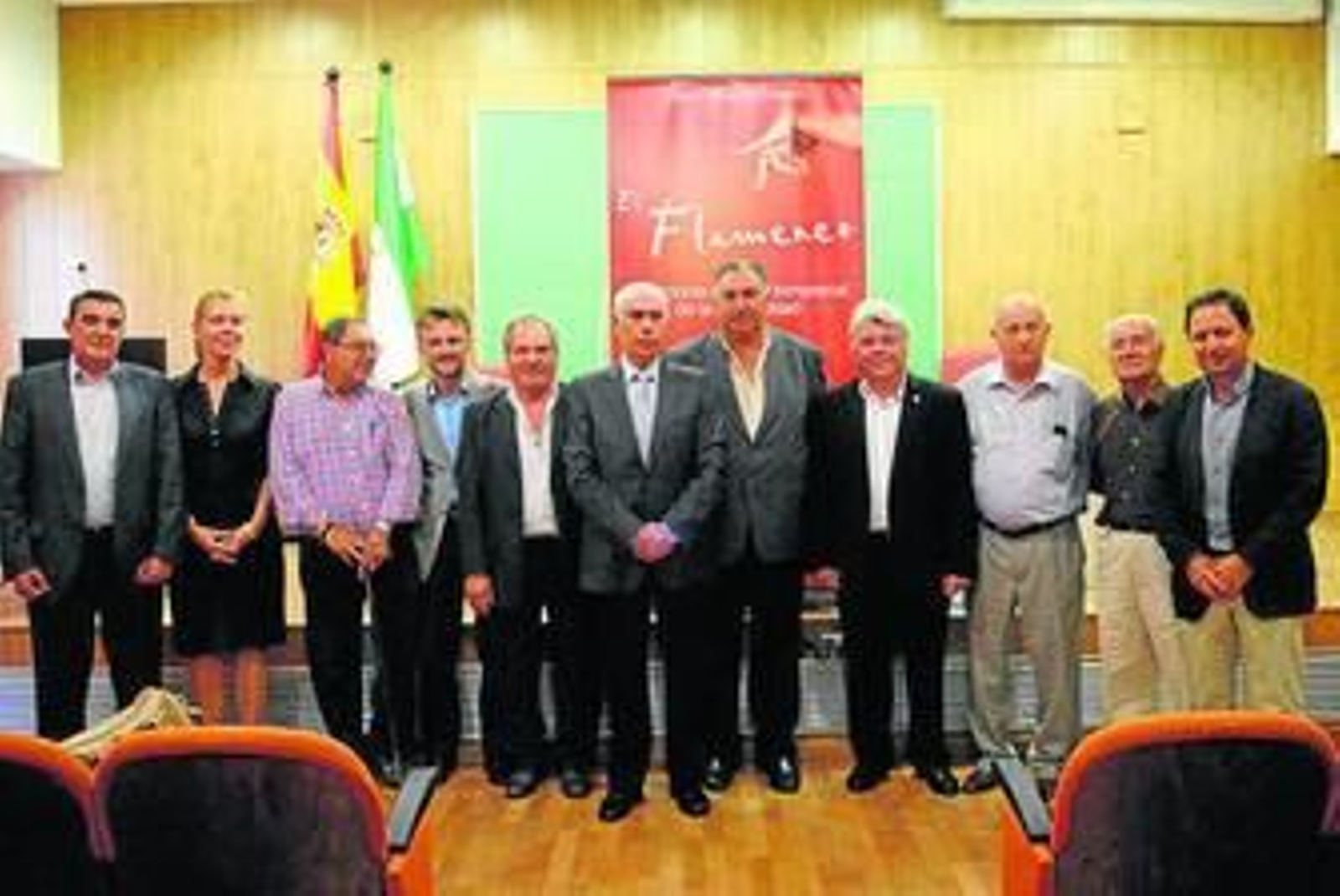 El consejero de Cultura, con los firmantes del convenio.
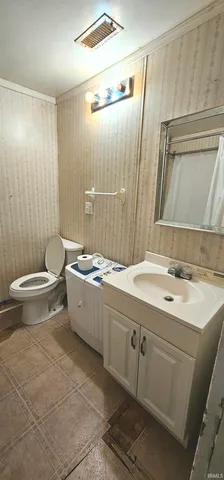 $99,900 | 1114-1116 West Illinois Street, Evansville, IN 47710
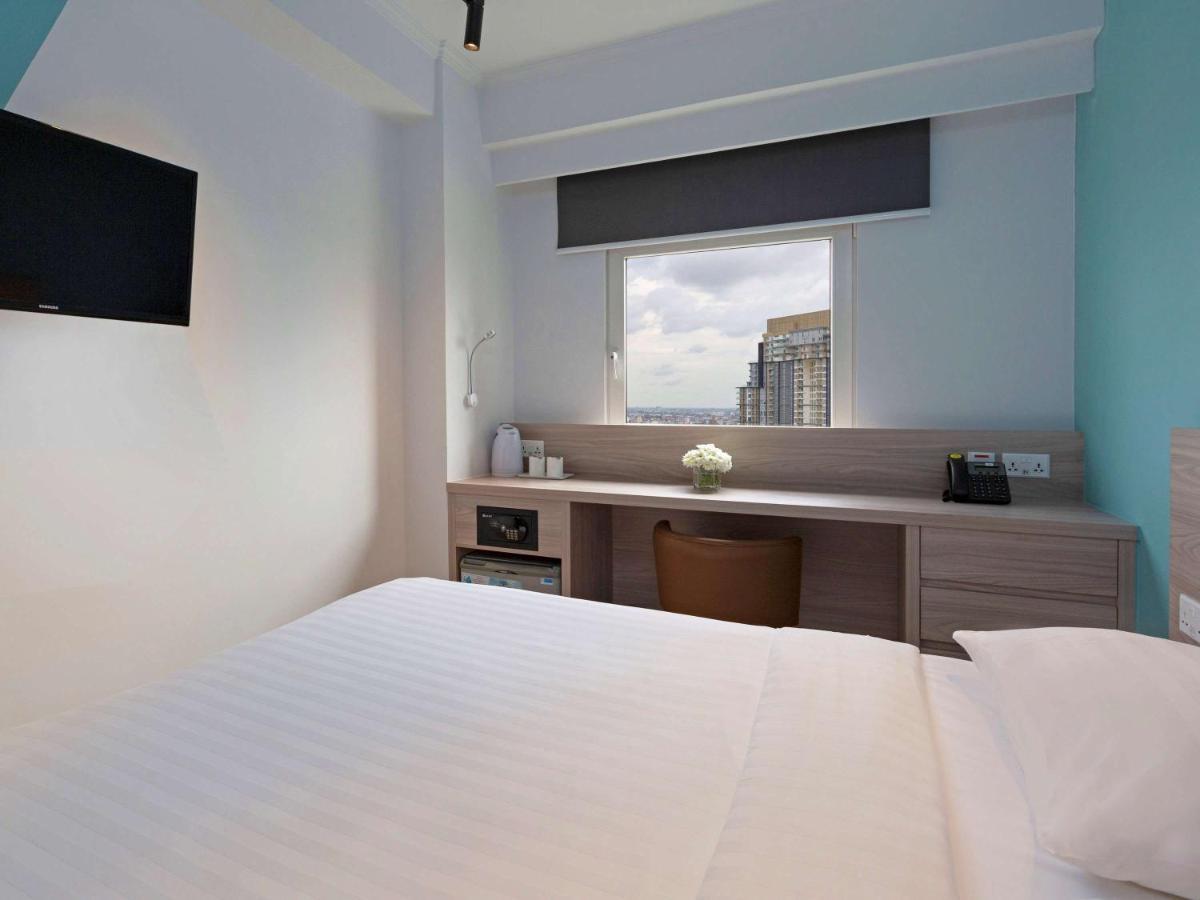 Ibis Budget Phnom Penh Riverside Exterior photo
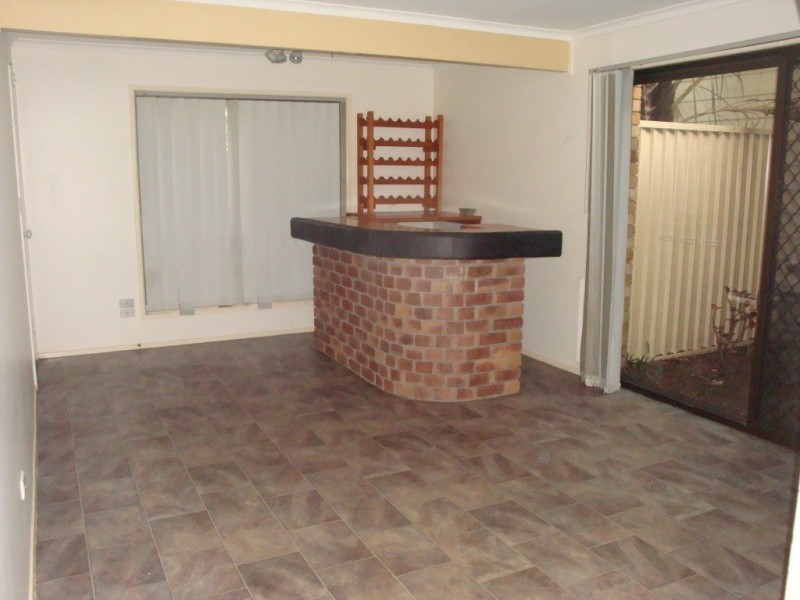 13 Estramina Road, Regents Park QLD 4118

Exercise aim —
Print once more, exactly, the lines from the one with "Evansville, IN 47710" through the last line of the data, both ends included, without any pictures.

Task response —
 $99,900 | 1114-1116 West Illinois Street, Evansville, IN 47710
 Ibis Budget Phnom Penh Riverside Exterior photo
 13 Estramina Road, Regents Park QLD 4118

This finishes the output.